Why"March Inn?" March Inn was the name of that magic place where I spent my summers growing up. I have alluded to this place before, and I probably will again. March Inn is no longer standing. The waters of Katrina rendered it unlivable so my children will never know that "March Inn." That makes me sad. In fact it brings me to tears whenever I think about it. I want my children to have their own "March Inn," and I want to capture our lives as they are growing and changing. I invite you to "march inn" to our lives. My hope is that you will catch glimpses of the real world. You will see our creations. You will see our chaos. You will see our affection. You will also see our frustrations, fears, and disappointments. Enjoy your march!

Thursday, December 2, 2010

She did it!

Truly, this is not blog worthy {which is why my pictures are from the archives} but it did make me cry.
I love that we can walk Mary Frances to and from school. In fact, it might be my favorite thing about having her in kindergarten. I enjoy strapping my boys in the stroller and having Mary Frances reach up and want to grab my hand. I enjoy being out in the fresh air, talking to my kiddos about what see as we walk, and visiting with the other parents while waiting for dismissal.

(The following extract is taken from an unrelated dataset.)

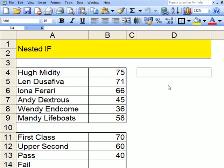Nested If. The first thing you need to do to create a nested if is to click on to this cell here. You then go to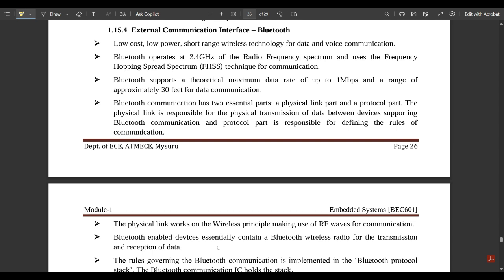These concepts are covered from the syllabus point of view for the final exam. The PDF notes are available in the description — go and access them. These notes are from the Department of ECE, ATMEC Mysore, and are short notes with respect to the syllabus only. All the concepts in these notes are very important. I'm also going to make one more video covering important questions from this module and referring to the model question paper. Stay tuned for that. We have mostly covered all concepts from module one, and we are left with only these three topics.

But let's face it, there are some days that we just can't walk. Recently, it has been too cold or wet or Mary Frances and the boys have been sleeping late. I have not had the heart to wake them up just so we can walk to school. They need their sleep!

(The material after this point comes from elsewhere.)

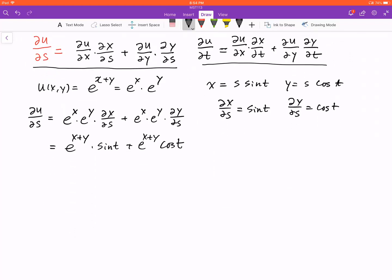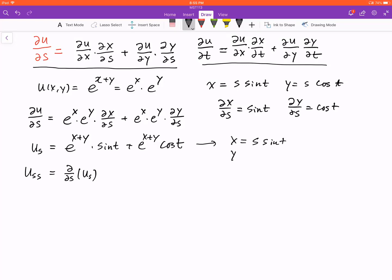Now imagine we want to take the derivative again and find u_ss — that is, the partial derivative of ∂u/∂s with respect to s again. We need to be careful because u_s is a function of x, y, and t, but remember x = s·sin(t) and y = s·cos(t), so both are functions of s and t. We apply the product rule, and since sin(t) is a constant, we can write the formula first.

And so we have been driving...I don't do drive up pick up or drop off very well. There are no real rules for carpool at Crestline, and if you know me at all you know I am a rule follower and like to know what I am supposed to be doing when.

Well, I finally figured out the easiest place to drop Mary Frances off, but she until today she has continued to insist that I park the car and walk her to the crosswalk. And now to the point ~ today she did it all by herself! I pulled up to the sign, she unbuckled, grabbed her backpack, got out of the car, and walked to the crosswalk. And what did I do ~ I smiled a huge smile because I was so proud of her and then broke down and cried. Just another example of my baby growing up...
And now just as we have had this break through, my sweet neighbor has volunteered to take and pick up from school. As much as I hate asking for help or relinquishing any sort of responsibility, I know that I need to take her up on this offer and so Mary Frances will be "the girl next door" who rides to school with her neighbor at least until quatro arrives.